### What is needed
Which lines in the records below contain the word "with"? Return each of them.

**** Material for this task

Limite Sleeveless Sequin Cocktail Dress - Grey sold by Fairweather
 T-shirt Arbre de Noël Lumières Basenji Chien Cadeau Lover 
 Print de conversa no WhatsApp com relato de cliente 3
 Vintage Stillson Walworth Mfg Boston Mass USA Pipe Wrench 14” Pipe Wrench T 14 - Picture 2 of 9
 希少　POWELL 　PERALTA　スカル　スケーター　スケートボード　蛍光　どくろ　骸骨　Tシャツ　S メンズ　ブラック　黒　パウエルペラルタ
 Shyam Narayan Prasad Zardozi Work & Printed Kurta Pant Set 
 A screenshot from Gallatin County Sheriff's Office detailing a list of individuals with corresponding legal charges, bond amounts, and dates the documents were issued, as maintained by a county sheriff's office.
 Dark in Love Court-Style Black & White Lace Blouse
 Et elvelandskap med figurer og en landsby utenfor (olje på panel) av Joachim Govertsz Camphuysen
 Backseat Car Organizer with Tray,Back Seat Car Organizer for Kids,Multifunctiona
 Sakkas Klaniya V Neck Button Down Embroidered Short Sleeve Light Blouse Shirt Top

********

### Response for this exercise
 A screenshot from Gallatin County Sheriff's Office detailing a list of individuals with corresponding legal charges, bond amounts, and dates the documents were issued, as maintained by a county sheriff's office.
 Backseat Car Organizer with Tray,Back Seat Car Organizer for Kids,Multifunctiona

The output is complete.